Adapun mekanisme pemberhentian kepala daerah diatur dalam Pasal 79 UU No 23/2014. Dalam pasal itu dijelaskan bahwa pemberhentian kepala daerah diumumkan oleh pimpinan DPRD dalam rapat paripurna dan diusulkan oleh pimpinan DPRD kepada menteri melalui gubernur sebagai wakil pemerintah pusat untuk bupati untuk mendapatkan penetapan pemberhentian.
”Namun, kami belum menetapkan waktu untuk mengadakan rapat paripurna,” ujar Sunandar.
Tidak adanya pengalaman pemberhentian kepala daerah mendorong Sunandar mengambil langkah lebih hati-hati. Menurut rencana, pekan depan pihaknya akan berkonsultasi dengan Pemerintah Provinsi Jawa Barat dan Kementerian Dalam Negeri.
Direktur Jenderal Otonomi Daerah Kementerian Dalam Negeri Sumarsono mengatakan, mekanisme pemberhentian Bupati Bekasi dilakukan sesuai regulasi. Itu serupa dengan yang dilakukan terhadap Bupati Indramayu Anna Sophanah yang mengundurkan diri pada November 2018.
Ia mengemukakan, DPRD perlu menggelar rapat paripurna untuk mengumumkan pengunduran diri Neneng. Hasilnya dilaporkan kepada Pelaksana Tugas (Plt) Bupati Bekasi untuk disampaikan kepada Menteri Dalam Negeri melalui Gubernur Jawa Barat agar mendapatkan pengesahan dari Menteri Dalam Negeri. ”Setelah itu, menteri akan menerbitkan surat keputusan pemberhentian Bupati Neneng,” kata Sumarsono.
Sumarsono menambahkan, proses itu dilanjutkan dengan pengusulan plt bupati sekaligus memberhentikan wakil bupati untuk diangkat menjadi bupati definitif. Pengusulan itu juga harus melalui rapat paripurna yang hasilnya disampaikan kepada Menteri Dalam Negeri melalui Gubernur Jawa Barat. ”Jika surat keputusan menteri sudah terbit, bupati definitif akan dilantik oleh gubernur,” katanya.

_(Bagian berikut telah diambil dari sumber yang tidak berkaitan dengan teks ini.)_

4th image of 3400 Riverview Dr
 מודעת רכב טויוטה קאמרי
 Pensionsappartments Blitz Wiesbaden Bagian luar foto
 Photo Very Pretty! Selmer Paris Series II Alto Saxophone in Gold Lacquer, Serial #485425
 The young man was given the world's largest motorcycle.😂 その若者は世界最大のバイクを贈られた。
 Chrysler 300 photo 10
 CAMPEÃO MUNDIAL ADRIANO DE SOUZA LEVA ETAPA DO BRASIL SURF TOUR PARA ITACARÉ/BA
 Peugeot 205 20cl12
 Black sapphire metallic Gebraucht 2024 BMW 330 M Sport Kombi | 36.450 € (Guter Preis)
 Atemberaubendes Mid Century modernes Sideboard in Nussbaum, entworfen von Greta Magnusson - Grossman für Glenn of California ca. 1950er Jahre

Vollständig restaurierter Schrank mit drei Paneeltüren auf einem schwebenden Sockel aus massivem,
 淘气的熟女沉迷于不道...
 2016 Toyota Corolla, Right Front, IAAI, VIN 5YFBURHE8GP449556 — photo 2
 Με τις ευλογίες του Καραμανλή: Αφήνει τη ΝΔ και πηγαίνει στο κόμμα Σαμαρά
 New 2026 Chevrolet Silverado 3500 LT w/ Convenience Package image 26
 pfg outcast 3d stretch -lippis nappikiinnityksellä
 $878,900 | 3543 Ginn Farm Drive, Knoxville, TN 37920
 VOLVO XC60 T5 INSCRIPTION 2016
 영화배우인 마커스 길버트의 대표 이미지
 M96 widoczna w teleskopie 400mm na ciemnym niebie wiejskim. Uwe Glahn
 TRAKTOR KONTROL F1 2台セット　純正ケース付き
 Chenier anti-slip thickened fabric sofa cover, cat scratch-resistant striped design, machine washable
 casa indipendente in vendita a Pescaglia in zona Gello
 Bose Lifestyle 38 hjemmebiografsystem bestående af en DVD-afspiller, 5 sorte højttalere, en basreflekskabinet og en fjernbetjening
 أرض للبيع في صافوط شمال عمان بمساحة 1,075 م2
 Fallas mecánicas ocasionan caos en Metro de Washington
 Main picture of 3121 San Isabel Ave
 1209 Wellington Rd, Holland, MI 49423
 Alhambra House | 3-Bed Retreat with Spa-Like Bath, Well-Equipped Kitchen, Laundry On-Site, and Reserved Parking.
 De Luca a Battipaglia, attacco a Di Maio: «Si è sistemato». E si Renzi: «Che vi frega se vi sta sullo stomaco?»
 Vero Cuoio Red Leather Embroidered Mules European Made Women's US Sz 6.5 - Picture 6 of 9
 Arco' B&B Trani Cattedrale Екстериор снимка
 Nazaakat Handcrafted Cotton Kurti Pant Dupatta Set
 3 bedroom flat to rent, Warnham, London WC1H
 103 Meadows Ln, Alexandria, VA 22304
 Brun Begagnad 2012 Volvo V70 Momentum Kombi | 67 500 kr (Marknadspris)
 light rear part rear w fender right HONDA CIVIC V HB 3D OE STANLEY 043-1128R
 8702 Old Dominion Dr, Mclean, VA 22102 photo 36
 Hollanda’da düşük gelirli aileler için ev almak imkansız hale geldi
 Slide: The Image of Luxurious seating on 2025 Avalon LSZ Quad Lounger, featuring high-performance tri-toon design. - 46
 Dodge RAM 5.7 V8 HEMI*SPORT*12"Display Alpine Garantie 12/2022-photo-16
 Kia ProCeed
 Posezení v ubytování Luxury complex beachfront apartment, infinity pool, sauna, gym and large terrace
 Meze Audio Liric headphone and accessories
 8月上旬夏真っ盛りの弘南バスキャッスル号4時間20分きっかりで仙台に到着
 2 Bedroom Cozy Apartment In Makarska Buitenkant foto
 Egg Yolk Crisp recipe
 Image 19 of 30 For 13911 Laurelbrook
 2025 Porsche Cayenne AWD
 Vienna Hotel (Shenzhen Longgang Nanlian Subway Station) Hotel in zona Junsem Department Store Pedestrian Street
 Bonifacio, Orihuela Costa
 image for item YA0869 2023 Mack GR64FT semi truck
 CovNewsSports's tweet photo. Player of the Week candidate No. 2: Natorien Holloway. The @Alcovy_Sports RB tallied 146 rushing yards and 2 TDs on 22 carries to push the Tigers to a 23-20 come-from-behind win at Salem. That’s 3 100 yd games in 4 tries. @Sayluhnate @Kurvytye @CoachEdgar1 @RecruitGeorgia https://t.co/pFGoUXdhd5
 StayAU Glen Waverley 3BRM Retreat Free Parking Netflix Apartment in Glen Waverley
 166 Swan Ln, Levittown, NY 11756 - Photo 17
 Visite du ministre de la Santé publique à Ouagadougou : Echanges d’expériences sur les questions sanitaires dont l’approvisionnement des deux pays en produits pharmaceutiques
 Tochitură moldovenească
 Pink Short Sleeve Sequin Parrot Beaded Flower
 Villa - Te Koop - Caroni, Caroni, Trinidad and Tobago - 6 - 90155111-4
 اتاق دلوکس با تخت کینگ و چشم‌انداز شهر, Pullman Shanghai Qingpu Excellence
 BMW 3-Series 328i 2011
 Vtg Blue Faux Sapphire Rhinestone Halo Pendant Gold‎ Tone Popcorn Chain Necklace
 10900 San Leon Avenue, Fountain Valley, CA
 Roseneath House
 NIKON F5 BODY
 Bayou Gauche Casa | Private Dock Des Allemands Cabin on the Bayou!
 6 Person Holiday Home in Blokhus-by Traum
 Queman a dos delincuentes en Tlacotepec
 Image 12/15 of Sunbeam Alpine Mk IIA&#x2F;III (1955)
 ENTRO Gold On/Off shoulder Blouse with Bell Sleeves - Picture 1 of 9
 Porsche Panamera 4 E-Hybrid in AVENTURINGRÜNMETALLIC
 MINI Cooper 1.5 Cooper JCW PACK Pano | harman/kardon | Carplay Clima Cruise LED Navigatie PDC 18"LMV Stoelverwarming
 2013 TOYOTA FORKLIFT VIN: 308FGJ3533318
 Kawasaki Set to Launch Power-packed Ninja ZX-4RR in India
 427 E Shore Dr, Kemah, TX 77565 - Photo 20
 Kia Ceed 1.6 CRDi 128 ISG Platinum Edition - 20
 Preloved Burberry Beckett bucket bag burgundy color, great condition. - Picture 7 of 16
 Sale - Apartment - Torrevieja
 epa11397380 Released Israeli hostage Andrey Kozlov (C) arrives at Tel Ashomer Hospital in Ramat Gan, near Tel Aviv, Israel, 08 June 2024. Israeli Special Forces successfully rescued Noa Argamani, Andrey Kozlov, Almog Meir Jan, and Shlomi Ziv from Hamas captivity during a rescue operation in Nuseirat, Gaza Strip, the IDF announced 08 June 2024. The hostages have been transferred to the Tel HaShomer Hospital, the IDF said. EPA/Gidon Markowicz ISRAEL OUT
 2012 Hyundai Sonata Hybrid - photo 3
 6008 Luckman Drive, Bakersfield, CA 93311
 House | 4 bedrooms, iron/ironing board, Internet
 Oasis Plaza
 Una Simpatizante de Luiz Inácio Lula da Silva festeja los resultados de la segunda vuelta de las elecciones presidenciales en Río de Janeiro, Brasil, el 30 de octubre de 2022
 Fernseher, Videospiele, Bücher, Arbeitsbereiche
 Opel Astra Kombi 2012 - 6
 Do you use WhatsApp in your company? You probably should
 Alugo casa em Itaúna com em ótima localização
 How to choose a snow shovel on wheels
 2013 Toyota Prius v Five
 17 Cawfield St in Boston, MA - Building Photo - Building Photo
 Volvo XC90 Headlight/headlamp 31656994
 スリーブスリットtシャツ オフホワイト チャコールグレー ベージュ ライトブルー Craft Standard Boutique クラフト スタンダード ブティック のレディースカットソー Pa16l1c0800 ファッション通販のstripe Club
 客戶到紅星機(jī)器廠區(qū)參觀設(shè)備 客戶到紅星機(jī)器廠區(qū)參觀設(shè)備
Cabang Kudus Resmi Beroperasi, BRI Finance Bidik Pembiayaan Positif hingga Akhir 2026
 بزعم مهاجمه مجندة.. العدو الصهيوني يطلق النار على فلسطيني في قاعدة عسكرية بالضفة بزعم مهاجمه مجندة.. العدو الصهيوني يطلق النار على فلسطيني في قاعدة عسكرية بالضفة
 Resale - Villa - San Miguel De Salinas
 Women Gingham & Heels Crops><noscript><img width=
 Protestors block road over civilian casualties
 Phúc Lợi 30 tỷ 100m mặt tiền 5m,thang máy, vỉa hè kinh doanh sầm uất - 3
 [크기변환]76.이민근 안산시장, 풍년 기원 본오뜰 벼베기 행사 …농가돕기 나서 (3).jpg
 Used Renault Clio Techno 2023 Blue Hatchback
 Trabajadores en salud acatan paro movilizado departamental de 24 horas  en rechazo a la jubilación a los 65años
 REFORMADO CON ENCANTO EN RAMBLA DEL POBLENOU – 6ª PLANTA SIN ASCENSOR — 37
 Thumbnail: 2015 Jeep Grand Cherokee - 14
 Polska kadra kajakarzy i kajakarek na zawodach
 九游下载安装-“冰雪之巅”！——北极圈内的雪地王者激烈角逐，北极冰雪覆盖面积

Sementara itu, partai politik pengusung kepala dan wakil kepala daerah berhak mengajukan dua calon wakil bupati untuk dipilih oleh DPRD. Keputusan mengenai wakil bupati yang terpilih disampaikan kepada Menteri Dalam Negeri melalui bupati dan gubernur untuk disahkan menteri. Selanjutnya, wakil bupati dilantik setelah surat keputusan menteri terbit.
Segera
Meski masih harus berkonsultasi, Sunandar ingin proses pemberhentian serta pengangkatan bupati definitif dan wakil bupati berlangsung segera. Sebab, kewenangan Plt Bupati Bekasi terbatas sehingga akan berpengaruh terhadap penyerapan anggaran dan melambatnya pembangunan di Kabupaten Bekasi. Hal itu terutama pada pembangunan infrastruktur vital seperti jalan dan sekolah.
Sejumlah proses pemerintahan, lanjut Sunandar, juga tidak bisa dilakukan sehingga berpotensi mengganggu pelayanan publik. ”Sampai saat ini masih ada kekosongan jabatan di beberapa satuan kerja perangkat daerah,” kata Sunandar.
Menurut Sumarsono, plt bupati memang tidak bisa serta-merta mengeluarkan kebijakan strategis, seperti mutasi dan promosi jabatan serta kerja sama yang membebani Anggaran Pendapatan dan Belanja Daerah. Seluruh kebijakan itu harus mendapatkan izin tertulis dari Menteri Dalam Negeri.
Kewenangan penuh baru diperoleh plt bupati jika sudah dilantik menjadi bupati definitif.